Il progetto “Made in Italy nelle costruzioni” è una delle nuove sezioni del Saie 2012. Un progetto innovativo che si propone di svelare una “via italiana” al progetto di architettura, capace di un controllo della qualità durante tutto il processo creativo e costruttivo, fino al prodotto finale. Mettendo in scena la tradizione del costruire creativo come un processo olistico, supportato da un’ingegneria creativa e da tutti i contributi che è in grado di offrire il made in Italy. Un percorso, quindi, in cui l’ingegneria si “scioglie” nell’architettura superando la tecnologia fine a se stessa.

 

Il progetto del “Made in Italy nelle costruzioni” è uno spazio-mostra che mette in scena i migliori studi progettazione italiana, le architetture realizzate grazie all’ingegno dei progettisti e alla maestria delle aziende che accompagnano il processo creativo e costruttivo.

 

Un ambito in cui accanto ai disegni e ai modelli, sono in mostra anche i materiali da costruzione con tutte le innovazioni ideate e realizzate direttamente in cantiere. Qui la matericità dei prodotti viene riproposta anche in scala 1:1, per meglio cogliere il momento magico del passaggio dal disegno di architettura alla realizzazione del manufatto. Lo spazio-mostra si completa con un programma di convegni che si propone di svelare una possibile via italiana all’architettura. Il tema che attraversa e accomuna l’attività convegnistica è la ricerca di una progettazione multidisciplinare propria di un tempo in cui la complessità ha raggiunto livelli altissimi.
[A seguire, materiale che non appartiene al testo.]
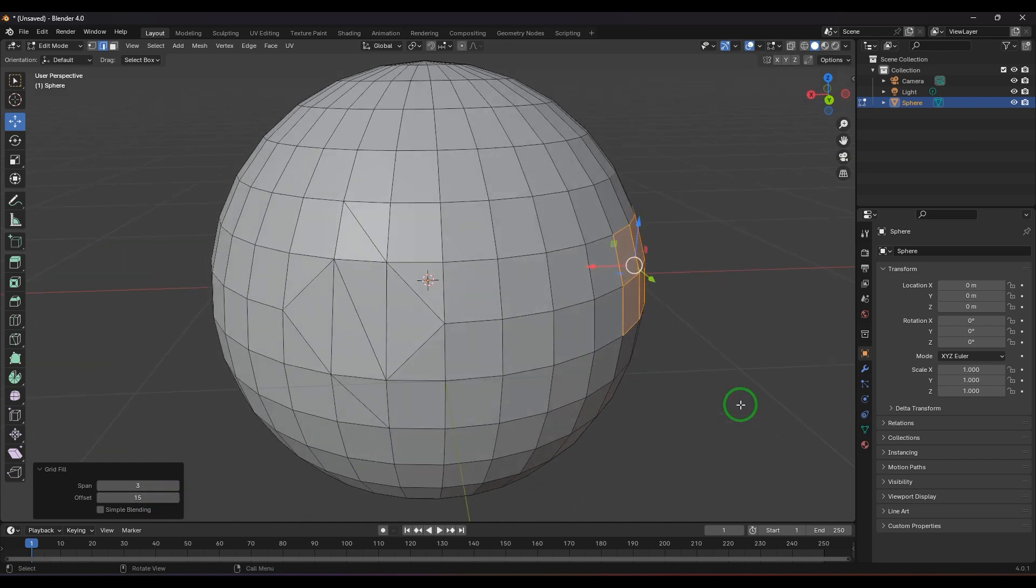We have the fill tool, we have beautify faces, and we have the grid fill which are basically used to fill the faces which are open.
La ricerca di un giusto compromesso tra le eccellenze di tutte le discipline che concorrono al processo creativo del progettare è perciò la visione che vogliamo indagare.

 

Con il progetto del “Made in Italy nelle costruzioni”, in ultima analisi, riteniamo opportuno riscoprire e rivendicare quella tradizione che da sempre ha caratterizzato la storia italiana, dall’architettura romana sino alla continuativa presenza dei grandi architetti costruttori che in un filo ininterrotto ricollega Brunelleschi con la stagione dei grandi offices di progettazione degli anni ‘50 di Pier Luigi Nervi, Riccardo Morandi, Sergio Musmeci, Giò Ponti.